__Short descriptive text snippets__.
****************************************
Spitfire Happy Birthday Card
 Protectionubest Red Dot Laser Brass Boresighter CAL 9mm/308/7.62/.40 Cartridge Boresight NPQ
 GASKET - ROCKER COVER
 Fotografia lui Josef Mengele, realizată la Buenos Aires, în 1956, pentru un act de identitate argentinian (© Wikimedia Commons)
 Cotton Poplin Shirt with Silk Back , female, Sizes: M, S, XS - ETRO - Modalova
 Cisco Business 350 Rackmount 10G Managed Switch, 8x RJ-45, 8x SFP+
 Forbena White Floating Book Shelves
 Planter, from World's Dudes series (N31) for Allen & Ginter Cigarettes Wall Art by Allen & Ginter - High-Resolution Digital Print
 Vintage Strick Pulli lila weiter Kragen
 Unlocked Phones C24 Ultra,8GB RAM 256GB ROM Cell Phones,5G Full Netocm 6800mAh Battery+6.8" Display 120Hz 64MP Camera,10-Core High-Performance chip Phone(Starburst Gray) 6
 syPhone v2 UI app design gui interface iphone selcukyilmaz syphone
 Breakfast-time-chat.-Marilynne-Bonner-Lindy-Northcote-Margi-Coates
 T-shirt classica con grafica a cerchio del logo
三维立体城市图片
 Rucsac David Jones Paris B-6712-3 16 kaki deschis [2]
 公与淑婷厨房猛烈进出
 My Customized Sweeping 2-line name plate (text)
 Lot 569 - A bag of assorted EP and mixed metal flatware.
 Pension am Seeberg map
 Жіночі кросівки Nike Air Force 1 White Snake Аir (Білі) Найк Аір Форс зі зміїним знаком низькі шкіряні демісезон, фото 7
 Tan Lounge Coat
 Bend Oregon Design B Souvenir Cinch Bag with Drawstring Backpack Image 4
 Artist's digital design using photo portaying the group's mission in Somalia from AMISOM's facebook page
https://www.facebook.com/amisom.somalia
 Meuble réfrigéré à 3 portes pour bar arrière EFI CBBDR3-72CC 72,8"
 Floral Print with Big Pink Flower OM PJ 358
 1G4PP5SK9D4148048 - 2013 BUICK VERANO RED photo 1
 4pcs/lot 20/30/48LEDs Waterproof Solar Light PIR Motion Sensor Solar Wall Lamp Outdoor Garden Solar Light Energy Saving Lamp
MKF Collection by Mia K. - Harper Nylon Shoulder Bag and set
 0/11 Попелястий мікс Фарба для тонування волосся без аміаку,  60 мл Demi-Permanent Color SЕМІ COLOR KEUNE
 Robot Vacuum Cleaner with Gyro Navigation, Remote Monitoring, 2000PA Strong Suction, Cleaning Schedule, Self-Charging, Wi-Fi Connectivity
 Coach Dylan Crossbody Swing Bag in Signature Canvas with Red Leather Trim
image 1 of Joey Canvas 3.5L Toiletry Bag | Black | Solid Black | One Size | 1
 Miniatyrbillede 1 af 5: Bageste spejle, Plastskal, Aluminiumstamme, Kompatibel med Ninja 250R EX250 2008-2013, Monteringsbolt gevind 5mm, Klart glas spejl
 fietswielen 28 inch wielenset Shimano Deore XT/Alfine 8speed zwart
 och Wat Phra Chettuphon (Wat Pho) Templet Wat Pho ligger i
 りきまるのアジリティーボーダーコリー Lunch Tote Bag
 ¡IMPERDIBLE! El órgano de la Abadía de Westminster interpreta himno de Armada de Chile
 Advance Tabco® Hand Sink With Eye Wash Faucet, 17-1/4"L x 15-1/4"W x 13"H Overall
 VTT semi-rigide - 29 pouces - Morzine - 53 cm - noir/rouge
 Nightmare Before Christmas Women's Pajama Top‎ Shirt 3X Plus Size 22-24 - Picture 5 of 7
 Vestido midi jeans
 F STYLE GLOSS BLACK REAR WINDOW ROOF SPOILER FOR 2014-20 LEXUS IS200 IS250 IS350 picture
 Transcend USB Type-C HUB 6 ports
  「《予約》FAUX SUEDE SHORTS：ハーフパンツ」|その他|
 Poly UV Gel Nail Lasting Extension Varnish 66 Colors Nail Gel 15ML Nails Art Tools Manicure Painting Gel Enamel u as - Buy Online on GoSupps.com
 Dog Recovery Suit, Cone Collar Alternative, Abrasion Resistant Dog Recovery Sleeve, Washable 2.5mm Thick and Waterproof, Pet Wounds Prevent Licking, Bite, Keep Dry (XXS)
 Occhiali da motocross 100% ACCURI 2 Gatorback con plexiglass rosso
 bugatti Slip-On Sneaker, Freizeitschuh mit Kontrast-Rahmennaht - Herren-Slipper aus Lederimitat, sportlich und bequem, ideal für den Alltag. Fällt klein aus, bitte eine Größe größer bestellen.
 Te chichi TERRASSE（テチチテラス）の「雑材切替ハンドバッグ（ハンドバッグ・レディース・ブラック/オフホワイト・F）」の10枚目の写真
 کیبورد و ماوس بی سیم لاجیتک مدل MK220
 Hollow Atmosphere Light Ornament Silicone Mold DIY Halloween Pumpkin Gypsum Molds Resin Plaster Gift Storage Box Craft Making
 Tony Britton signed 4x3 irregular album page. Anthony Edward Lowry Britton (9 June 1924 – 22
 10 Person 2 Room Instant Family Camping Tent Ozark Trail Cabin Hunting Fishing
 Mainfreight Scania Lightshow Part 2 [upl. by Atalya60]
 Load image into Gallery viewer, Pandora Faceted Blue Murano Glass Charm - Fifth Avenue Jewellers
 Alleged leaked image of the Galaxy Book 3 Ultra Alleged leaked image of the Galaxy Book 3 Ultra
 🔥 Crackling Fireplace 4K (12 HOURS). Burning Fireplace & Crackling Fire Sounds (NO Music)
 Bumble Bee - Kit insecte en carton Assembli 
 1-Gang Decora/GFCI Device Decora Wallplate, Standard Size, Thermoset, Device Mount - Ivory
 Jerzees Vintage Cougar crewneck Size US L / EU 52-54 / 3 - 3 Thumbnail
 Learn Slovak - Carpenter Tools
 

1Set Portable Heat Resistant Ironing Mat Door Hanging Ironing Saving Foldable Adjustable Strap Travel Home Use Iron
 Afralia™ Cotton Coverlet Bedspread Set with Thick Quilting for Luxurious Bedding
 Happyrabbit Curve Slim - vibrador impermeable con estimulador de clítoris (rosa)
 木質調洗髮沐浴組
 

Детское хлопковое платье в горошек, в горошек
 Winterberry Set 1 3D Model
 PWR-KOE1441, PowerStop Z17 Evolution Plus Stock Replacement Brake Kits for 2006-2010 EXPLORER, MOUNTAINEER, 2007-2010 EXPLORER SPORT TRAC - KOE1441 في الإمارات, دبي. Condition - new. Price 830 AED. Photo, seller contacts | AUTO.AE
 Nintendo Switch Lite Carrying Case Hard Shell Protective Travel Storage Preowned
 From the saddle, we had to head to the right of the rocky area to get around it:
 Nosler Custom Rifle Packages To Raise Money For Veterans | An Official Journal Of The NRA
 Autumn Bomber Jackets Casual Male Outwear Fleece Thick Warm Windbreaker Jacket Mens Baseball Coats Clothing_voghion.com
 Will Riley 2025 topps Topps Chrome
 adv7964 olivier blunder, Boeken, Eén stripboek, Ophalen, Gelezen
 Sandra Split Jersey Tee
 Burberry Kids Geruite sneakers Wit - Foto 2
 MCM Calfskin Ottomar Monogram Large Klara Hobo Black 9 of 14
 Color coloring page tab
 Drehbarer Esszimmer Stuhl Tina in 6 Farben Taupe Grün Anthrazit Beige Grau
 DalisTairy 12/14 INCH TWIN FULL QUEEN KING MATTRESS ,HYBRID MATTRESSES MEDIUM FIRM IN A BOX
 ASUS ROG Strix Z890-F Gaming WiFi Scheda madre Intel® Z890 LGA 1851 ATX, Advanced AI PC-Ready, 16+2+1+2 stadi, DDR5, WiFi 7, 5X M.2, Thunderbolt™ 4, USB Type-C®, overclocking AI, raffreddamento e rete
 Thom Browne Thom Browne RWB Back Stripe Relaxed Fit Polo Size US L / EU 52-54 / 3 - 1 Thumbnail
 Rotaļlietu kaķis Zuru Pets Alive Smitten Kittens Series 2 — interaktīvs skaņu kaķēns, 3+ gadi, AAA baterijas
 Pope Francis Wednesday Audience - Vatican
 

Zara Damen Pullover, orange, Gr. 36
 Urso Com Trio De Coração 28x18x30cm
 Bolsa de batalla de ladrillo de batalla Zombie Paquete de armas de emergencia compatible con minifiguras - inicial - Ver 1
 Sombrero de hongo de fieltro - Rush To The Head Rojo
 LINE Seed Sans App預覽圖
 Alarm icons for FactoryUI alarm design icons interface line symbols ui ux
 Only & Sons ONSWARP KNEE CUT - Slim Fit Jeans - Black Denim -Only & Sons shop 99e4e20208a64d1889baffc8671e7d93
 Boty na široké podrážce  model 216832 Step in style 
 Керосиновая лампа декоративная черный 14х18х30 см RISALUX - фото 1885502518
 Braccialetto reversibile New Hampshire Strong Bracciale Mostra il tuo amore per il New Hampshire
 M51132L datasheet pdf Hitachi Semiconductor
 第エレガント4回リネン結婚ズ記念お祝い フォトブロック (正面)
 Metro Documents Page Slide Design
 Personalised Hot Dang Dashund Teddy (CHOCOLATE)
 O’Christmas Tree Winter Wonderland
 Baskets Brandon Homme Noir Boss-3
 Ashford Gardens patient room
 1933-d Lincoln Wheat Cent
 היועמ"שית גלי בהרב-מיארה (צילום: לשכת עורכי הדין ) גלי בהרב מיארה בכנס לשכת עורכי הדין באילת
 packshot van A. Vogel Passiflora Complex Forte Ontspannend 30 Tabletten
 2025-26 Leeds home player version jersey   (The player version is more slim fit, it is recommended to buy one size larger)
****************************************
__Instructions for the task__.
Repeat the entries above exactly, from the first line through the line containing "Cotton Poplin Shirt".

__Result__.
Spitfire Happy Birthday Card
 Protectionubest Red Dot Laser Brass Boresighter CAL 9mm/308/7.62/.40 Cartridge Boresight NPQ
 GASKET - ROCKER COVER
 Fotografia lui Josef Mengele, realizată la Buenos Aires, în 1956, pentru un act de identitate argentinian (© Wikimedia Commons)
 Cotton Poplin Shirt with Silk Back , female, Sizes: M, S, XS - ETRO - Modalova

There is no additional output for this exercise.